Task = In your copy, include every line of the records exactly and no picture at all.

Task data =
Segment Open

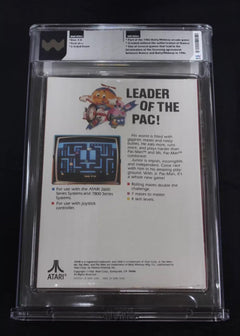 Atari 2600 New Sealed Jr. Pac-Man Video Game (1986) WATA 9.8 A++ Seal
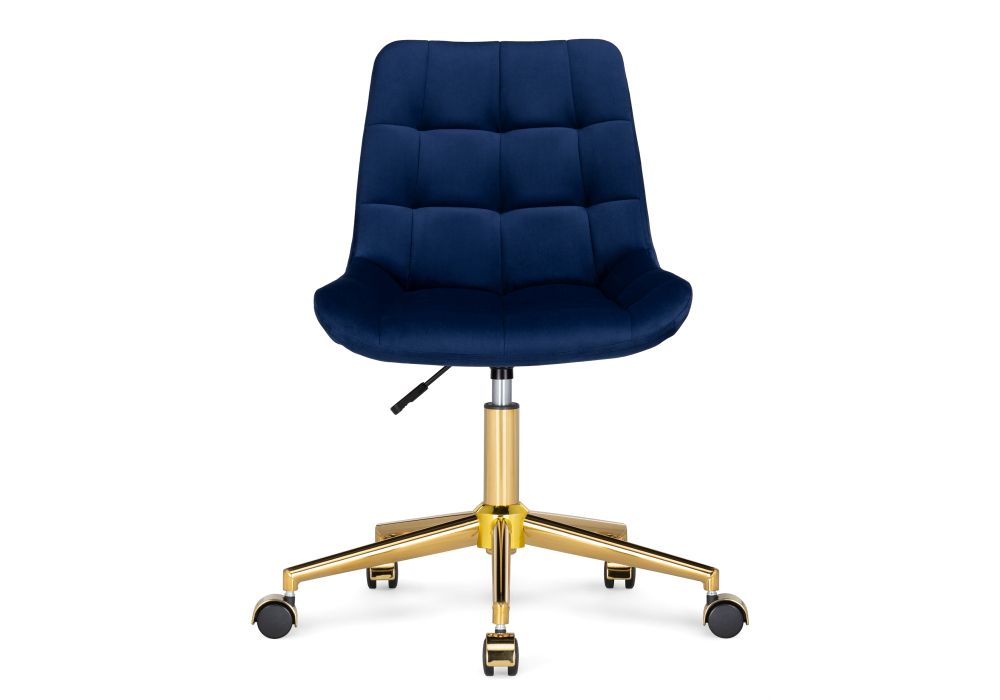 Компьютерное кресло Честер синий / золото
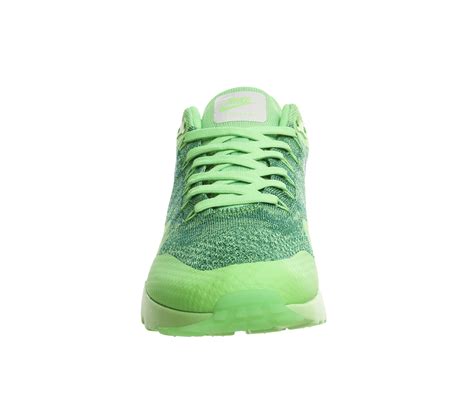 Nike Air Max 1 Ultra Flyknit Voltage Green White Nike Air Max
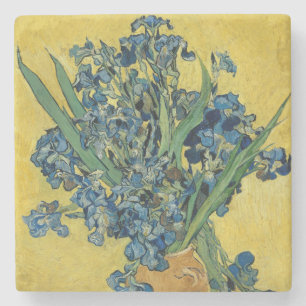 Irises - Vincent van Gogh Fine Art Stone Coaster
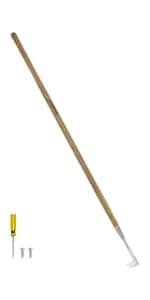 2024 New Upgrade Hand Dibber with 5 inches Measuring Scale, Easy to Grip L-Shaped Wood Handle Dibbler, Stamped Stainless Steel Tip Seed Dibber, 11.3'' Dibber for Sowing Seeds and Planting Seedlings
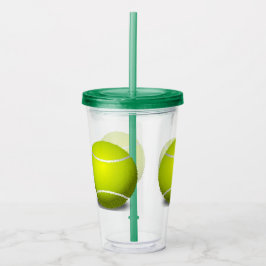 Tennis Bollar Sports Acrylic Tumbler Take Away Mugg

Segment Closed

The completed task =
 Atari 2600 New Sealed Jr. Pac-Man Video Game (1986) WATA 9.8 A++ Seal
 Компьютерное кресло Честер синий / золото
 Nike Air Max 1 Ultra Flyknit Voltage Green White Nike Air Max
 Irises - Vincent van Gogh Fine Art Stone Coaster
 2024 New Upgrade Hand Dibber with 5 inches Measuring Scale, Easy to Grip L-Shaped Wood Handle Dibbler, Stamped Stainless Steel Tip Seed Dibber, 11.3'' Dibber for Sowing Seeds and Planting Seedlings
 Tennis Bollar Sports Acrylic Tumbler Take Away Mugg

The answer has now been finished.